Each entry must appear in the answer exactly as given.
---------- Data to examine
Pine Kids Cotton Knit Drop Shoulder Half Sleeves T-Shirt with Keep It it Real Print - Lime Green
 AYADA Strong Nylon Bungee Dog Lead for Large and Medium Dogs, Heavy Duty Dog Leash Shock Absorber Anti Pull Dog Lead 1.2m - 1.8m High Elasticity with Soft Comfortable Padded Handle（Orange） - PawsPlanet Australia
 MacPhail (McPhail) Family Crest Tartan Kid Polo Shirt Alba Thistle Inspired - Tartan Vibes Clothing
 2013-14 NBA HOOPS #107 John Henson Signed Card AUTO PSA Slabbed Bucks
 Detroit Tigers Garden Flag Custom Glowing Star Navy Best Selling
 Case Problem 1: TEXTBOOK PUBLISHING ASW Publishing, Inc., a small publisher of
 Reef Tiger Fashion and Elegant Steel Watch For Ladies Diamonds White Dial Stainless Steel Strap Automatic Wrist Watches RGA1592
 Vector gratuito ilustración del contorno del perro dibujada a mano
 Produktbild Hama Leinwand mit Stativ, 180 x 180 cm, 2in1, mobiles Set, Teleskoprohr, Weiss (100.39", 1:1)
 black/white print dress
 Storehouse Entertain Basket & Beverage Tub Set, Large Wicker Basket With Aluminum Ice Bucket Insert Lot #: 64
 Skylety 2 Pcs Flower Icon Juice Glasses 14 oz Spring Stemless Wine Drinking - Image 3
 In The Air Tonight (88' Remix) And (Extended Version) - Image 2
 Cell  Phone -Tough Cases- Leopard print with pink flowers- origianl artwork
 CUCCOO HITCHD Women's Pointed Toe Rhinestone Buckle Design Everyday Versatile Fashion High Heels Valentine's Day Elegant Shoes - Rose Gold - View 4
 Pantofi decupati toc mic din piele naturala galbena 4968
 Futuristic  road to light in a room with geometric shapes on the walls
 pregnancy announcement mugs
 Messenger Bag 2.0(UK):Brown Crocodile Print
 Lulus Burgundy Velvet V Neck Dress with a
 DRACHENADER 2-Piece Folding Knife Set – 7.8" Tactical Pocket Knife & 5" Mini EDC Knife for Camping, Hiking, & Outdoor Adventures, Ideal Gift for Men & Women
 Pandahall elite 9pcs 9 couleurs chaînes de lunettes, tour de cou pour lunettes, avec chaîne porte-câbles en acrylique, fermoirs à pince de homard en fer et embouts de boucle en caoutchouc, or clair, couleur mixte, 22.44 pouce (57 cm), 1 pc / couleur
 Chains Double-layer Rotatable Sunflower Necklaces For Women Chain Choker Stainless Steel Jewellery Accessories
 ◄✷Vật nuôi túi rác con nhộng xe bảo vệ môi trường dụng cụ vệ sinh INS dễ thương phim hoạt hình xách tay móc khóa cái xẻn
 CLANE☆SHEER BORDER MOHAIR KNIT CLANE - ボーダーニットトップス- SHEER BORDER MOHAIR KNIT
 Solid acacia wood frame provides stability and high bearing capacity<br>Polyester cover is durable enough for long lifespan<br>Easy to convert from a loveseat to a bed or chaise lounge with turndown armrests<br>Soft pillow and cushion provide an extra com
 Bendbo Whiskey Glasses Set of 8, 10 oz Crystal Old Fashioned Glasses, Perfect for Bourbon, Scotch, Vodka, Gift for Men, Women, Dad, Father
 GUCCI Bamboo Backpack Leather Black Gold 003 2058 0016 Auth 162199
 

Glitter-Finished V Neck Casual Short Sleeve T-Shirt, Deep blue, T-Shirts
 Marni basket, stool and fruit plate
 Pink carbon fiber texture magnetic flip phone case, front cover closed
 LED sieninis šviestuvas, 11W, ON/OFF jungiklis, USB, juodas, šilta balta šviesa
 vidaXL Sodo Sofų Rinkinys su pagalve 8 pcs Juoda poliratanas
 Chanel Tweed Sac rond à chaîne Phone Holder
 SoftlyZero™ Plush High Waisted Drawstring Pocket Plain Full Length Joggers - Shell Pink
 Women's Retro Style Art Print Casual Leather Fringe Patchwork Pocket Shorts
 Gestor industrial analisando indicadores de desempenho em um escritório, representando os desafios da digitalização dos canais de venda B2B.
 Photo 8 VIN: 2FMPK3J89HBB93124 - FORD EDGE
--------------------
**Written answer:**
Pine Kids Cotton Knit Drop Shoulder Half Sleeves T-Shirt with Keep It it Real Print - Lime Green
 AYADA Strong Nylon Bungee Dog Lead for Large and Medium Dogs, Heavy Duty Dog Leash Shock Absorber Anti Pull Dog Lead 1.2m - 1.8m High Elasticity with Soft Comfortable Padded Handle（Orange） - PawsPlanet Australia
 MacPhail (McPhail) Family Crest Tartan Kid Polo Shirt Alba Thistle Inspired - Tartan Vibes Clothing
 2013-14 NBA HOOPS #107 John Henson Signed Card AUTO PSA Slabbed Bucks
 Detroit Tigers Garden Flag Custom Glowing Star Navy Best Selling
 Case Problem 1: TEXTBOOK PUBLISHING ASW Publishing, Inc., a small publisher of
 Reef Tiger Fashion and Elegant Steel Watch For Ladies Diamonds White Dial Stainless Steel Strap Automatic Wrist Watches RGA1592
 Vector gratuito ilustración del contorno del perro dibujada a mano
 Produktbild Hama Leinwand mit Stativ, 180 x 180 cm, 2in1, mobiles Set, Teleskoprohr, Weiss (100.39", 1:1)
 black/white print dress
 Storehouse Entertain Basket & Beverage Tub Set, Large Wicker Basket With Aluminum Ice Bucket Insert Lot #: 64
 Skylety 2 Pcs Flower Icon Juice Glasses 14 oz Spring Stemless Wine Drinking - Image 3
 In The Air Tonight (88' Remix) And (Extended Version) - Image 2
 Cell  Phone -Tough Cases- Leopard print with pink flowers- origianl artwork
 CUCCOO HITCHD Women's Pointed Toe Rhinestone Buckle Design Everyday Versatile Fashion High Heels Valentine's Day Elegant Shoes - Rose Gold - View 4
 Pantofi decupati toc mic din piele naturala galbena 4968
 Futuristic  road to light in a room with geometric shapes on the walls
 pregnancy announcement mugs
 Messenger Bag 2.0(UK):Brown Crocodile Print
 Lulus Burgundy Velvet V Neck Dress with a
 DRACHENADER 2-Piece Folding Knife Set – 7.8" Tactical Pocket Knife & 5" Mini EDC Knife for Camping, Hiking, & Outdoor Adventures, Ideal Gift for Men & Women
 Pandahall elite 9pcs 9 couleurs chaînes de lunettes, tour de cou pour lunettes, avec chaîne porte-câbles en acrylique, fermoirs à pince de homard en fer et embouts de boucle en caoutchouc, or clair, couleur mixte, 22.44 pouce (57 cm), 1 pc / couleur
 Chains Double-layer Rotatable Sunflower Necklaces For Women Chain Choker Stainless Steel Jewellery Accessories
 ◄✷Vật nuôi túi rác con nhộng xe bảo vệ môi trường dụng cụ vệ sinh INS dễ thương phim hoạt hình xách tay móc khóa cái xẻn
 CLANE☆SHEER BORDER MOHAIR KNIT CLANE - ボーダーニットトップス- SHEER BORDER MOHAIR KNIT
 Solid acacia wood frame provides stability and high bearing capacity<br>Polyester cover is durable enough for long lifespan<br>Easy to convert from a loveseat to a bed or chaise lounge with turndown armrests<br>Soft pillow and cushion provide an extra com
 Bendbo Whiskey Glasses Set of 8, 10 oz Crystal Old Fashioned Glasses, Perfect for Bourbon, Scotch, Vodka, Gift for Men, Women, Dad, Father
 GUCCI Bamboo Backpack Leather Black Gold 003 2058 0016 Auth 162199
 

Glitter-Finished V Neck Casual Short Sleeve T-Shirt, Deep blue, T-Shirts
 Marni basket, stool and fruit plate
 Pink carbon fiber texture magnetic flip phone case, front cover closed
 LED sieninis šviestuvas, 11W, ON/OFF jungiklis, USB, juodas, šilta balta šviesa
 vidaXL Sodo Sofų Rinkinys su pagalve 8 pcs Juoda poliratanas
 Chanel Tweed Sac rond à chaîne Phone Holder
 SoftlyZero™ Plush High Waisted Drawstring Pocket Plain Full Length Joggers - Shell Pink
 Women's Retro Style Art Print Casual Leather Fringe Patchwork Pocket Shorts
 Gestor industrial analisando indicadores de desempenho em um escritório, representando os desafios da digitalização dos canais de venda B2B.
 Photo 8 VIN: 2FMPK3J89HBB93124 - FORD EDGE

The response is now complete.